Ray Lacina's Blog

July 21, 2017

In Defense of the Man Babies: On the 13th Doctor and the Power of Story

On Sunday afternoon, the second hand on the Doomsday Clock seems to have clicked a few milliseconds closer to midnight when the BBC announced that Jodi Whittaker would be next to take up the sonic screwdriver.


The 13th Doctor is going to be a woman.


To put it lightly, some fans have expressed concern. Others have pointed out that maybe regenerating as a woman isn’t the most unbelievable thing in a show about a time-traveling alien who has died and been reborn 12 times already.


The phrase “man baby” has been used to describe some of the more distraught of those who have protested the new Doctor. The gist of responses to their complaints has been something along the lines of: “it’s a fictional character. Get over it.”


I couldn’t disagree with the man babies more. And I couldn’t disagree with many of those who disagree with them more.


By all accounts Jodi Whittaker has the makings of an excellent Doctor and as long as that’s the case, I’m happy. Well, as long as that’s the case and the writing carries her – as long as her introduction fits the story.


Because Doctor Who isn’t “just fiction” – it’s story. And story is important.


And that’s the silver lining in this kerfuffle.


I’m not happy that so many people are unhappy with number 13. But I am happy that so many people care. While some might be responding as they are out of the sad misogyny that lurks in the hearts of some geeks and gamers, I choose to believe that the angst, dismay and rage arise from the simple fact that the character and the mythology that’s evolved around him – soon to be her – matters to them.


That I like – because story should matter. Fiction might not, by definition be true. But fiction can be the vehicle for great truths in a way that the murky jumble of real world events often can’t.


And now to raise my geek cred even further – let me summon the spirit of J.R.R. Tolkien to help argue my case.


Scene: a slightly disheveled red-haired man in Star Wars pajamas stands in a deserted warehouse on the edge of town. It is dusk. Or twilight. Or something in between.


[Ray performs an arcane ritual of unspeakable horrors. The Ghost of J.R.R. Tolkien rises from the earth]


Ray: “Professor Tolkien – can I call you J.?”


Ghost of J.R.R. Tolkien: “I bring from the realm of Ancient Horrors the Secret Sublime – but know that it will drive you mad. Mad, I say! Ma – what? J.? No. No you can’t.”


Ray: “Jayster?”


Ghost of J.R.R. Tolkien: “No.”


Ray: “The J-man?”


Ghost of J.R.R. Tolkien: “No. Can we get back to the ancient mad-driving knowledge now?”


Ray: “Dr. J.? Wait, that one’s taken….”


[Exit the Ghost of J.R.R. Tolkien stage left]


Alright. So that’s not going to work.


Thankfully, Professor Tolkien has argued my point already, long before I sacrificed — er, no one, sacrificed no one — to summon him. I mean nothing! Sacrificed nothing! Not “no one.” Heh. Heh heh.

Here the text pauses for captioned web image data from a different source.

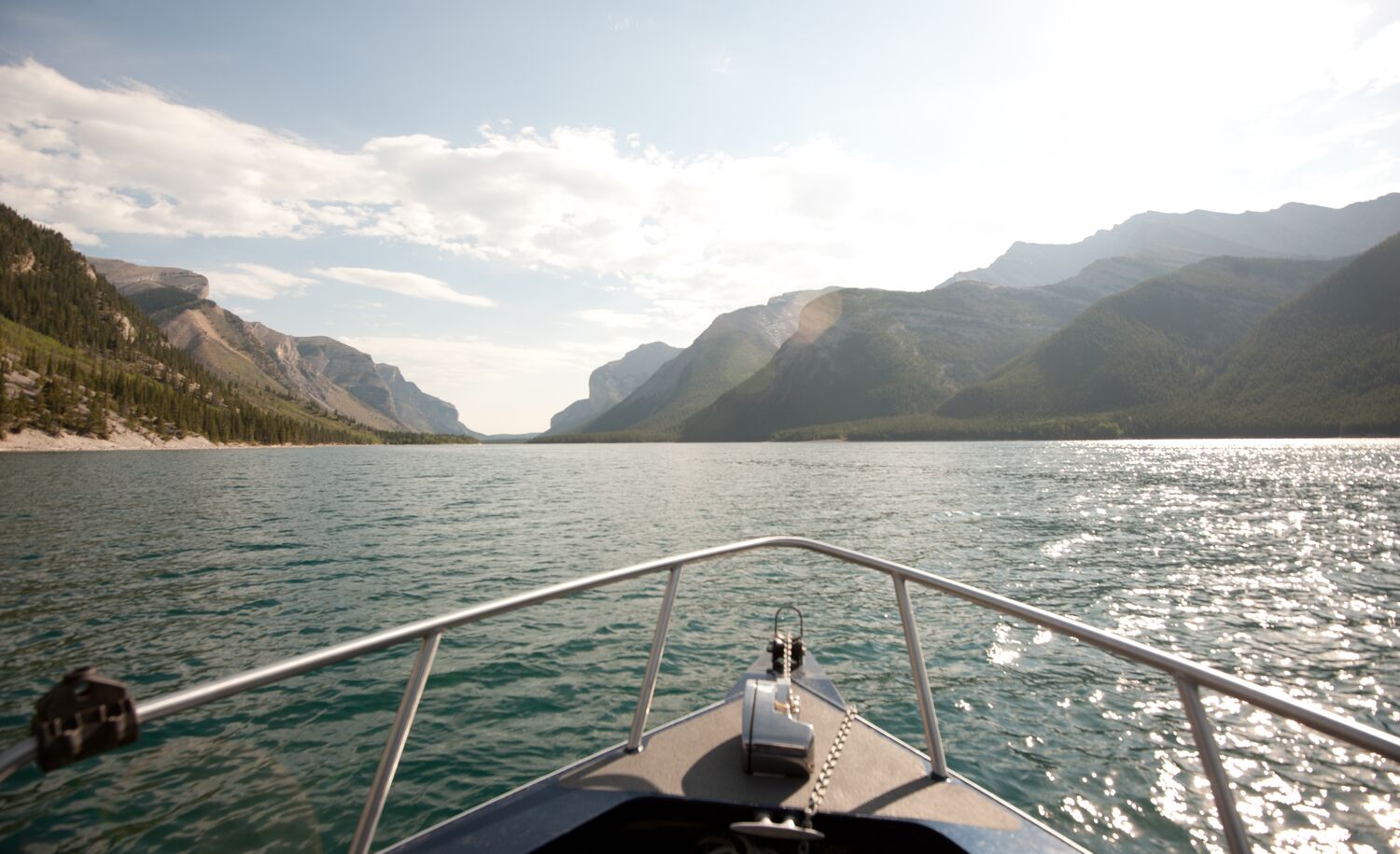 Looking off the nose of a boat in Lake Minnewanka towards the mountains.
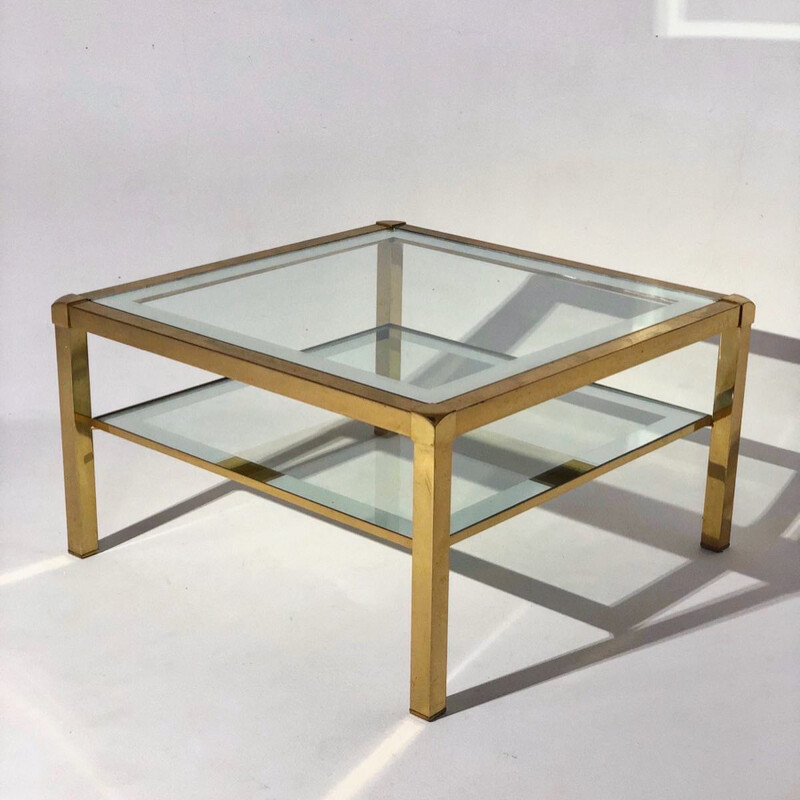 Vintage coffee table with gilded base and glass top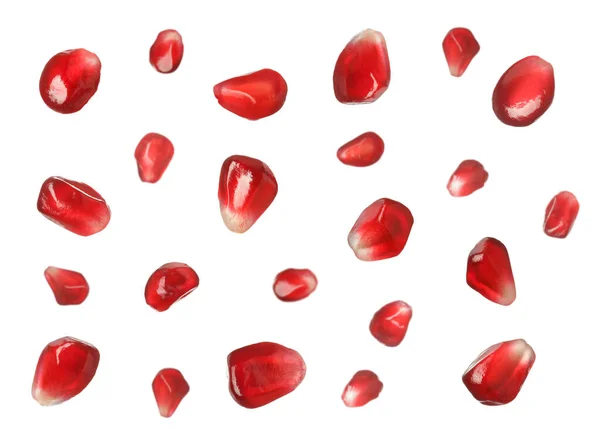 Ripe Juicy Pomegranate Seeds Falling White Background — Stock Photo, Image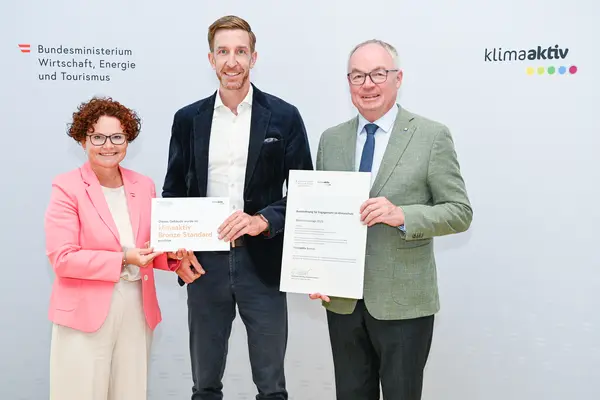 Personen mit Urkunde schauen in die Kamera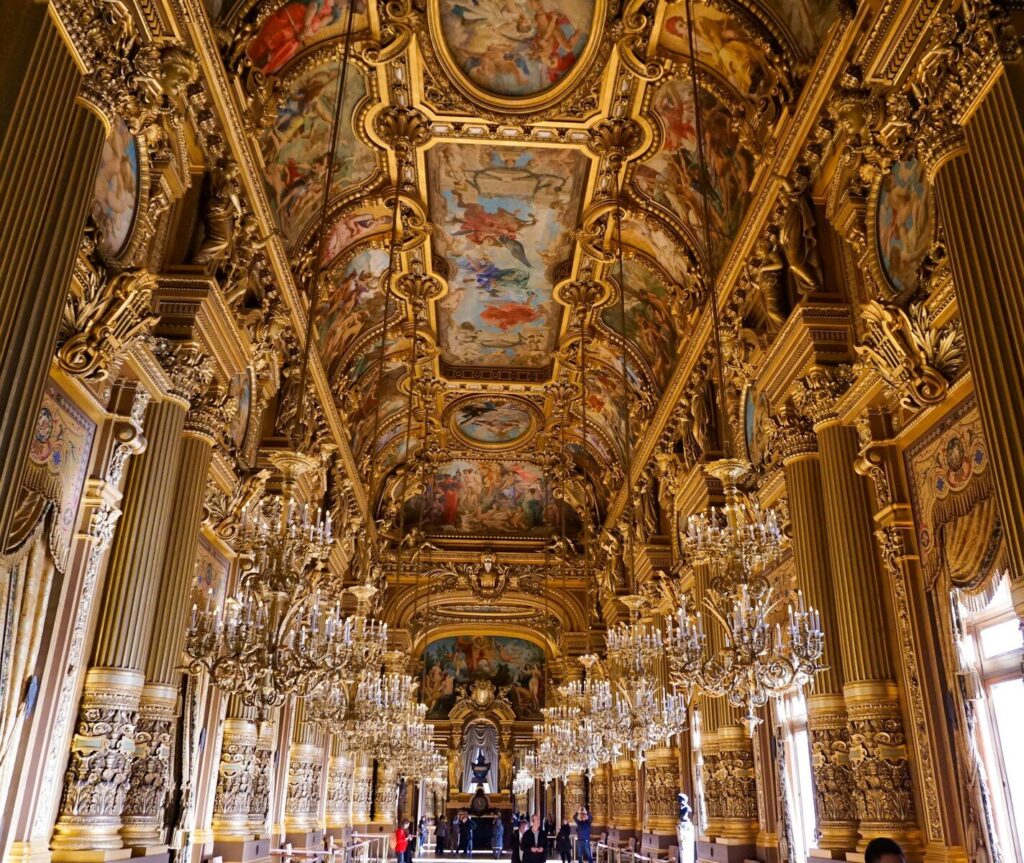 gold hallway with chandeliers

In his essay “On Fairy Stories” Tolkien has written what amounts to a defense of the fantasy genre. He begins by making the point that story – as embodied in mythology – is part and parcel of how the human being makes sense of the world, bound up in and arising from the power given us by language to become “sub-creators.”


“The incarnate mind, the tongue, and the tale are in our world coeval,” Tolkien writes, illustrating this by pointing to the awesome power of the adjective to, yes, represent what the mind, through “its powers of generalization and abstraction” discerns, but also to empower the human mind to create something new. So the mind, perceiving green grass, is able to separate out the greenness from the grass – and graft it elsewhere to powerful effect:


We may put a deadly green upon a man’s face and produce a horror; we may make the rare and terrible blue moon to shine; or we may cause woods to spring with silver leaves and rams to wear fleeces of gold, and put hot fire into the belly of the cold worm. But in such “fantasy,” as it is called, new form is made; Faerie begins; Man becomes a sub-creator (8).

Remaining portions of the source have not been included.